### Task directions
As you write out the lines from the one containing "Lola Games Penis sleeve Super Hero Striker" through the last line of the records, keep them exact and leave out pictures.
====== Data for analysis ======
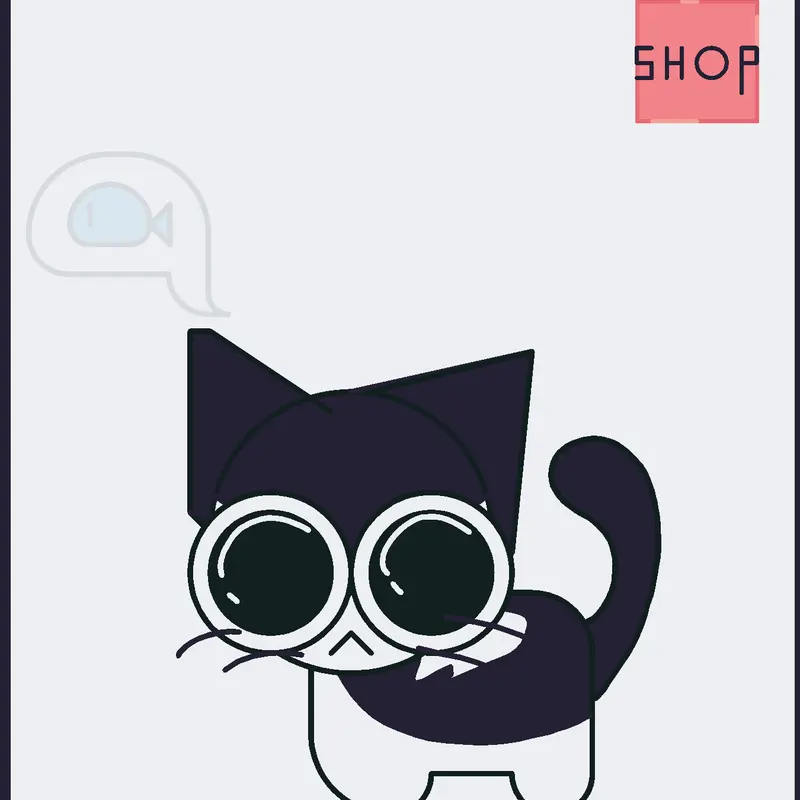 Game by @meowodoy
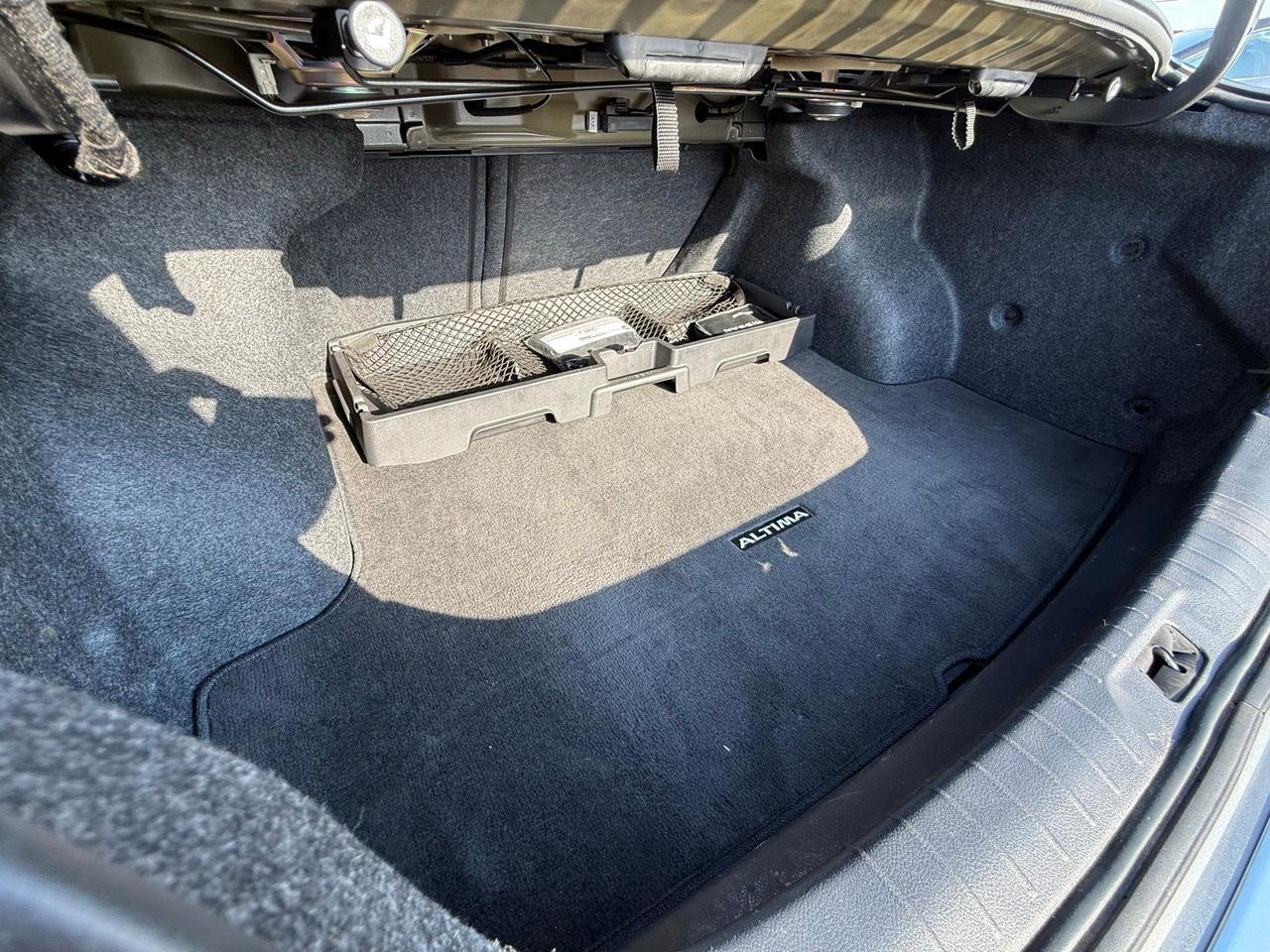 2022 Nissan Altima 2.5 SR Crestwood KY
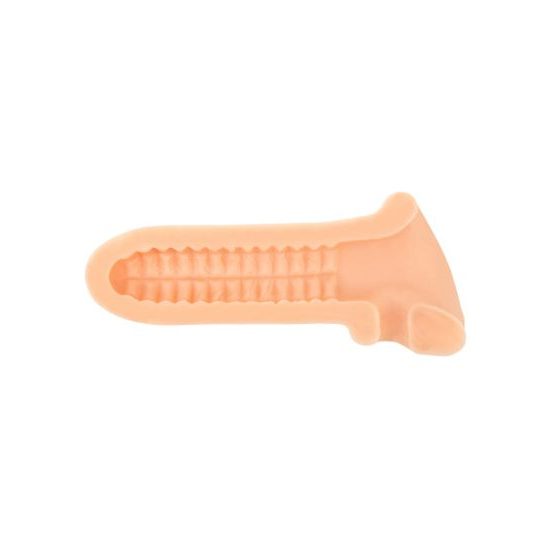Lola Games Penis sleeve Super Hero Striker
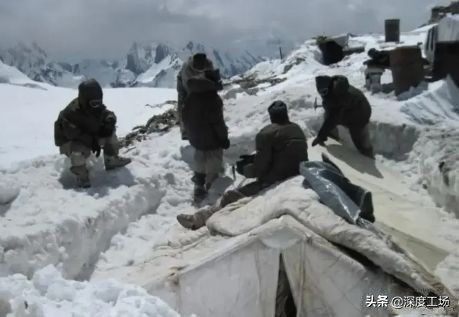 叙利亚叛军要上雪山，增援巴基斯坦打击印度军队：印军凶多吉少了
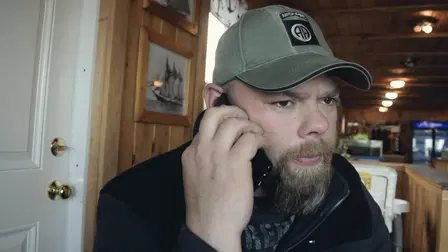 The Badge, the Bible, and Bigfoot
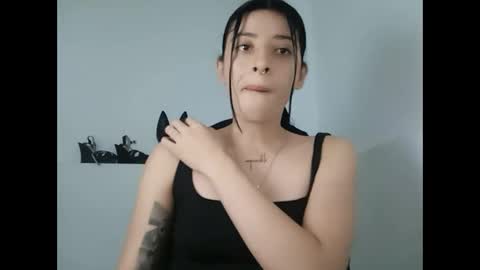 Snapshot of _mia_foster1 chatting on February 2025 09:00:01 PM Mia-foster online show from February 2025 09:00:01 PM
======
### Problem solution
Lola Games Penis sleeve Super Hero Striker
 叙利亚叛军要上雪山，增援巴基斯坦打击印度军队：印军凶多吉少了
 The Badge, the Bible, and Bigfoot
 Snapshot of _mia_foster1 chatting on February 2025 09:00:01 PM Mia-foster online show from February 2025 09:00:01 PM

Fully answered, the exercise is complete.